Sleep apnea is a common disorder in which people experience pauses in breathing while sleeping, resulting in fragmentary sleeping.

Untreated sleep apnea and the resulting excessive sleepiness is common among truck drivers and has lead to serious accidents. The first lawsuit for a highway death related to sleep apnea resulted in a $3 million settlement. A truck crashed into the back of a car in May 2010, and it turned out that the trucker had been diagnosed for sleep apnea but failed to get treatment.

Being obese or overweight is one of the leading causes of sleep apnea. A recent Gallup-Healthways Well-Being Index found that transportation workers have the highest obesity rate—37.8 percent—of any U.S. industry. Life on the road is tough, and truck drivers face an uphill battle when it comes to health.

You can help prevent obstructive sleep apnea if you:

  • Avoid alcohol and medicines such as sleeping pills and sedatives right before bed. These can relax your throat muscles and slow your breathing.
  • Eat sensibly, exercise, and stay at a healthy weight.
  • Quit smoking. Nicotine relaxes the muscles that keep airways open.
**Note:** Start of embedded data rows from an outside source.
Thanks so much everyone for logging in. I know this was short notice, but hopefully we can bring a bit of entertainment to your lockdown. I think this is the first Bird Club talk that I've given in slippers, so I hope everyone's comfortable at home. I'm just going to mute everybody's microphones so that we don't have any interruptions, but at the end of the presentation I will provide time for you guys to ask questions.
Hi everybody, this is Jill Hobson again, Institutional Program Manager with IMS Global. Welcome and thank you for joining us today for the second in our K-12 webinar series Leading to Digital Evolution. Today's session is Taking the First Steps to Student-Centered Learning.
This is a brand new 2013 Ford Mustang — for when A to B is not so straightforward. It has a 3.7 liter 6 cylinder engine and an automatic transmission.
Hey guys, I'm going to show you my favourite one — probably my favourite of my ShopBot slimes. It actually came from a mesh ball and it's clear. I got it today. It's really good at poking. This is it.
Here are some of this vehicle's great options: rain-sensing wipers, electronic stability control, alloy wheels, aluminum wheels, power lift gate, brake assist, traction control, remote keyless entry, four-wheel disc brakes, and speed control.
If you don’t smoke, those muscles are less likely to collapse at night and narrow the airways.
  • If you have sleep apnea, make use of prescribed treatments such as special mouthpieces.
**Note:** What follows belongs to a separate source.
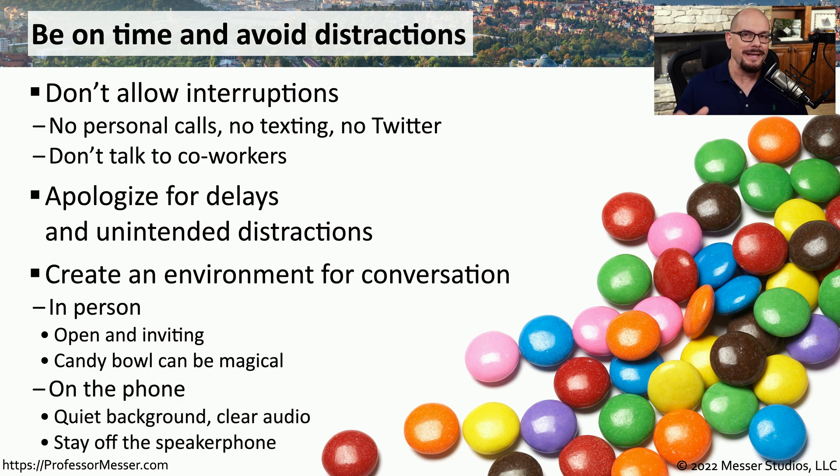If you're on the phone, it can be very easy to have distractions on both sides of the line. So you should make sure that your background noises are kept to a minimum, and if at all possible, you should always avoid using a speakerphone.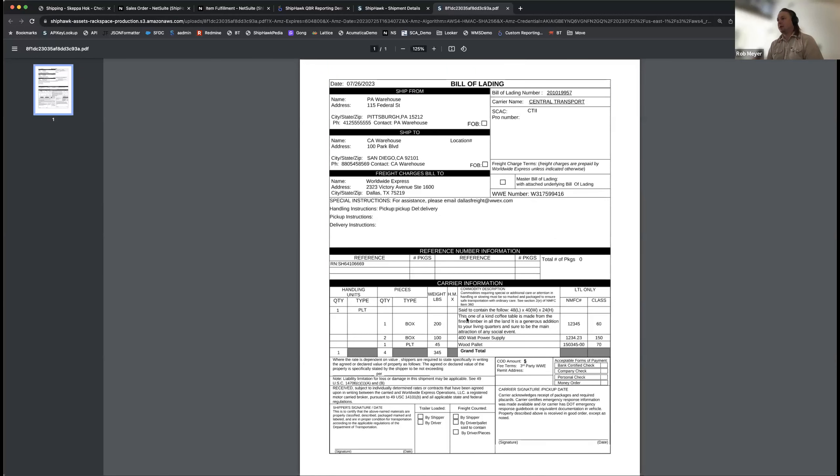That's LTL. Accessorial inclusion is available and managed via rules. This was a basic commercial-to-commercial warehouse shipment with a dock — no inside delivery. As a shipper, you feel the same about this shipment as you do parcel. Next we'll move into international.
Drowsy driving can be almost as dangerous as getting behind the wheel after too many beers. While most commercial truck drivers are professionals who would never drink on the job, they can easily overlook factors that put them at increased risk of a “sleepy” accident.

Your Company Safety Policy: Get It In Writing

You take good care of your trucks. You are an experienced, safe and efficient driver. Your customers are happy. So maybe it seems like a chore for you to develop a written safety policy. But the truth is that a good safety policy is not hard to establish and will solve a number of challenges.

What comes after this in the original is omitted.